Exercise brief: Exact reproduction required: the lines below from the line with "500 Yards Silver" to the line with "T-shirt Demon Slayer", both ends included, and no others.

Given records:
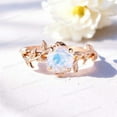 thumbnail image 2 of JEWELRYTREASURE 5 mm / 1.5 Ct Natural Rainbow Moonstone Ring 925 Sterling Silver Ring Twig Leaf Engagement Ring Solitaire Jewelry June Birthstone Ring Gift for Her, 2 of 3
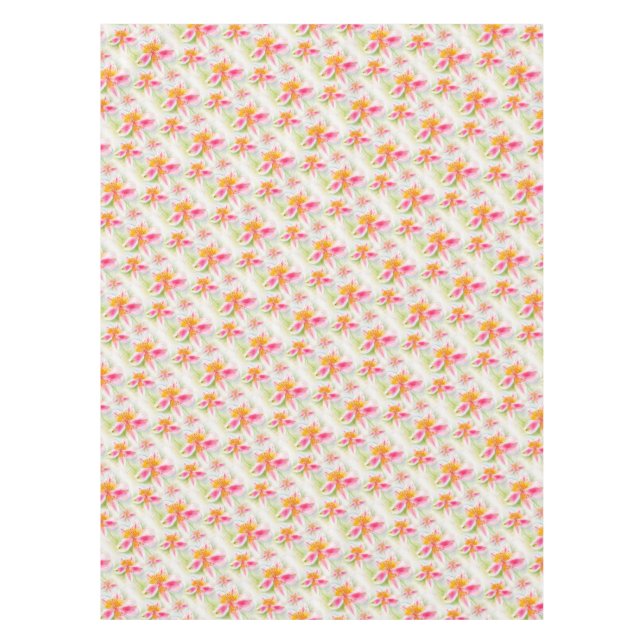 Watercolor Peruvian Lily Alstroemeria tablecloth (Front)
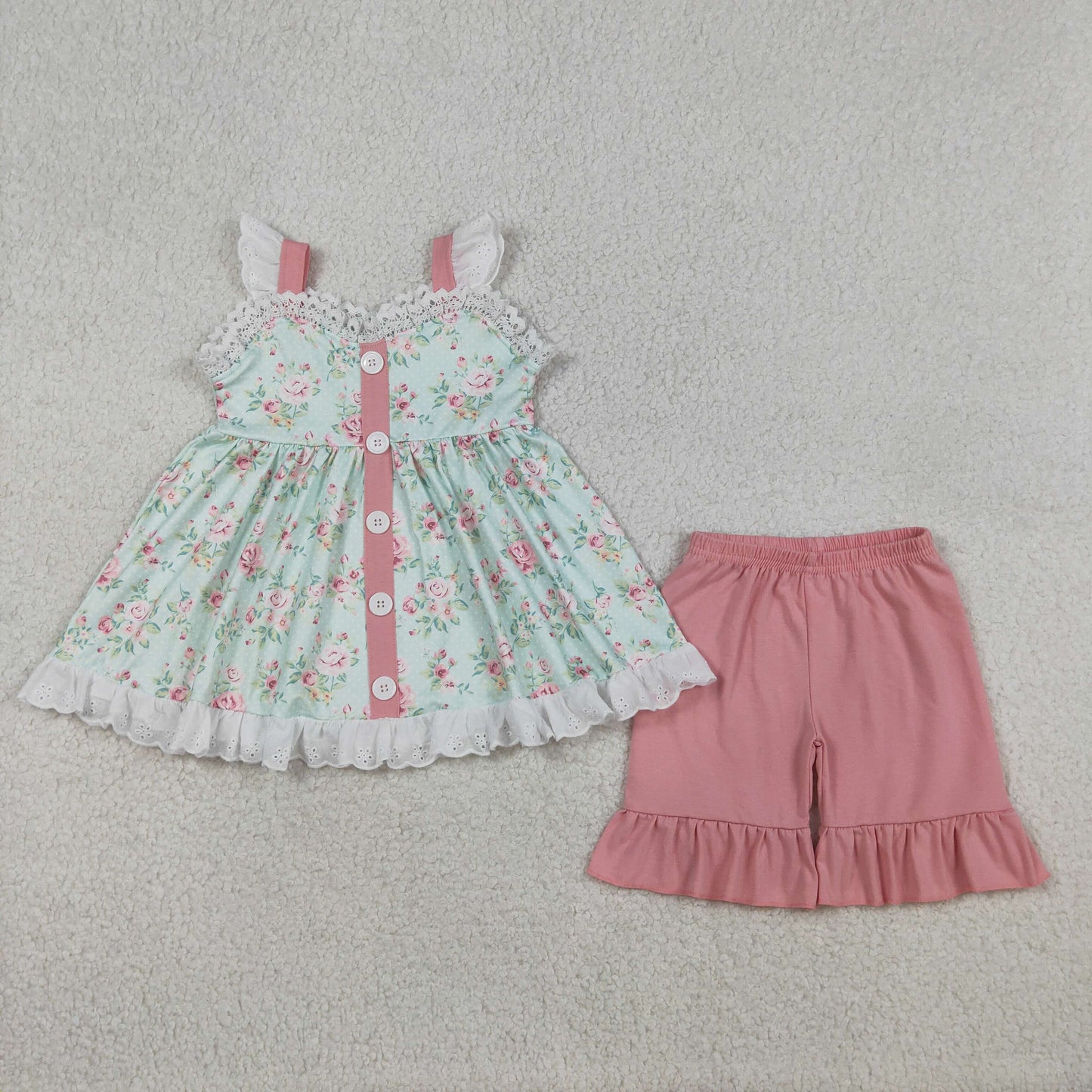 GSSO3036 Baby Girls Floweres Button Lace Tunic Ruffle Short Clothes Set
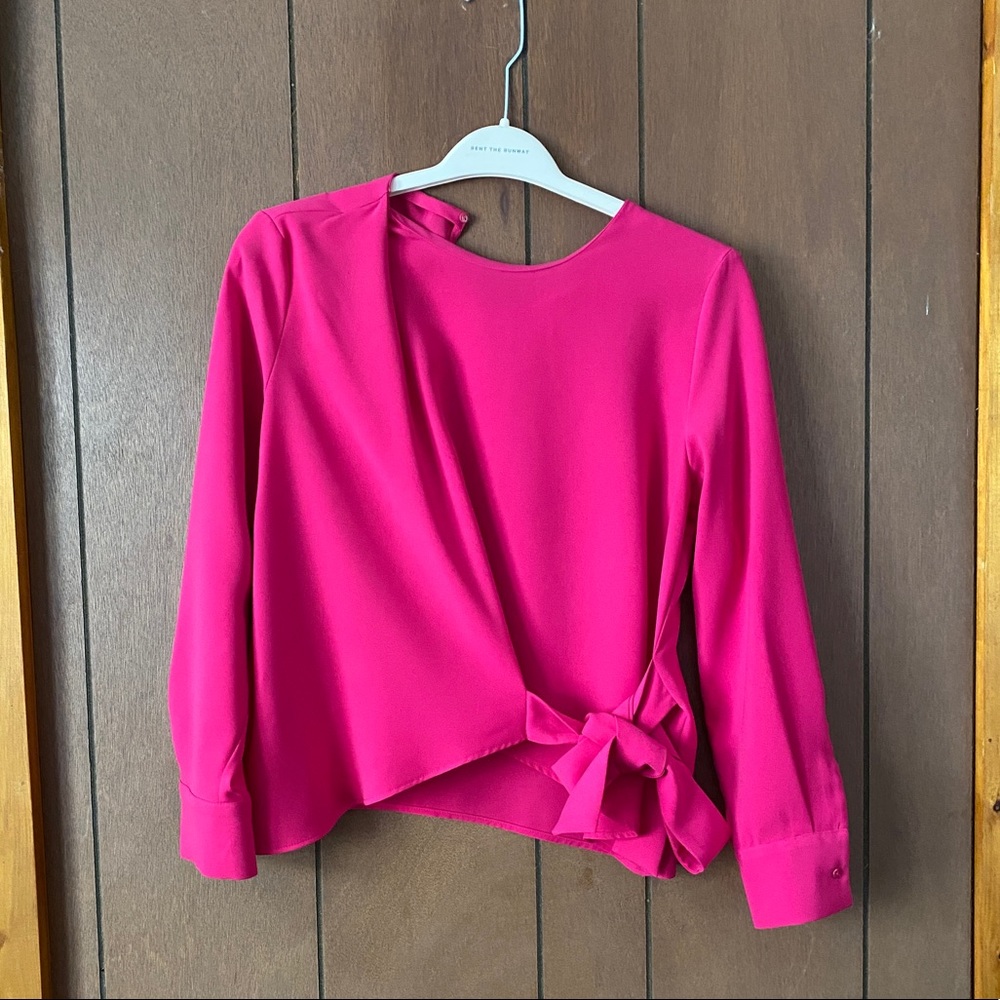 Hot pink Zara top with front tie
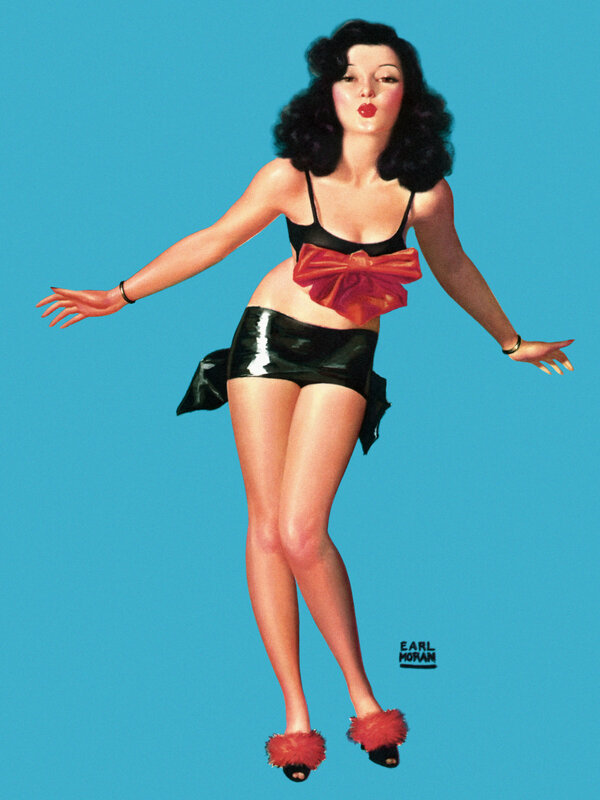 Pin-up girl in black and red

--

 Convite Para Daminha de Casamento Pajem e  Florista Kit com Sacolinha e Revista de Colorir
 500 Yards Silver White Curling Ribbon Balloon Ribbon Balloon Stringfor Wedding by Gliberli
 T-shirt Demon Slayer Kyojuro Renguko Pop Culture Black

Written solution:
 500 Yards Silver White Curling Ribbon Balloon Ribbon Balloon Stringfor Wedding by Gliberli
 T-shirt Demon Slayer Kyojuro Renguko Pop Culture Black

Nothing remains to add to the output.